Remolino Azul de Estentor
Protists & protozoa

Remolino Azul de Estentor

Suspensos justo en el borde del disco oral, miramos directamente hacia las profundidades de un *Stentor coeruleus* — una criatura unicelular que, a esta distancia, tiene la presencia de un abismo oceánico. Las membranelar que rodean la abertura forman una corona densa de paletas ciliadas translúcidas, cada una compuesta de cilios fusionados que baten al unísono en una barrida coordinada, generando una corriente giratoria que arrastra el agua circundante — y todo lo que flota en ella — hacia el pozo central de la citostoma: bacterias en bastón, fragmentos de algas verdes y detritos orgánicos espiralean hacia adentro como satélites cayendo en una singularidad gravitacional. El pigmento stentorina tiñe la pellícula en estriaciones paralelas de azul prusiano y aquamarina pálida, tan finas y regulares que la superficie del organismo parece una tela metálica tejida a escala molecular.
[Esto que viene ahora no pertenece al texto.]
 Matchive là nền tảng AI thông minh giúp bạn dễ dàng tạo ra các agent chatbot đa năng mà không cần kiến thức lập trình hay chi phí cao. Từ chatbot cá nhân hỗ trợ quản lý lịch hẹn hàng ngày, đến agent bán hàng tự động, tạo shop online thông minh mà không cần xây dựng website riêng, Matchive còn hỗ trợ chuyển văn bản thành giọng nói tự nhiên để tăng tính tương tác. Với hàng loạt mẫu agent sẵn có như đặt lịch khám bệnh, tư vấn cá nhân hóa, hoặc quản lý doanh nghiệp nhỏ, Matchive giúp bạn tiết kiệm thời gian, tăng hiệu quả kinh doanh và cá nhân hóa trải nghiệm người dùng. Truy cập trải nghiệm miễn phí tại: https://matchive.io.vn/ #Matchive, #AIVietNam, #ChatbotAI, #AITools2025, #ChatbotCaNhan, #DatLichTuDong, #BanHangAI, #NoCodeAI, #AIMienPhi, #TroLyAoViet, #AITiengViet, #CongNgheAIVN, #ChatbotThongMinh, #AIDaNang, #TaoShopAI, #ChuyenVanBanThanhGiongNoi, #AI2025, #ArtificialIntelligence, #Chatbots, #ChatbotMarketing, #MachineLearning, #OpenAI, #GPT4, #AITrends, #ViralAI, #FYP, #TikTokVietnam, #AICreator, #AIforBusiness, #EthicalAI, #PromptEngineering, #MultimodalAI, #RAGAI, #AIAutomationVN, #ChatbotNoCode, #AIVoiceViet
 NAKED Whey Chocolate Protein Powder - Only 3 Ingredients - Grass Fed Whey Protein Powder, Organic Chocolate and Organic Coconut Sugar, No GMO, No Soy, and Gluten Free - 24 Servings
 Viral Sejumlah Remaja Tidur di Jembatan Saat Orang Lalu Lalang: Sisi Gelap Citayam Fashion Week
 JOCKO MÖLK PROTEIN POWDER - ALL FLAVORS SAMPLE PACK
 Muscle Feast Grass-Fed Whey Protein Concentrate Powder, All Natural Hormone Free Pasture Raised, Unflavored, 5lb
A través de la pared semitransparente del cuerpo, el macronúcleo se revela como una cadena de perlas opalescentes — lóbulos discretos enhebrados verticalmente por el interior del citoplasma granular, cada uno refractando la luz cálida transmitida desde abajo como nódulos de cuarzo lechoso suspendidos en ámbar. Todo el organismo existe en un medio que no es vacío sino sustancia: el agua a esta escala es un continuo viscoso lleno de ruido browniano, y el movimiento de cada membranela representa una conquista cotidiana de la física de bajo número de Reynolds, donde la inercia no existe y solo la persistencia del latido ciliar sostiene el vórtice vivo.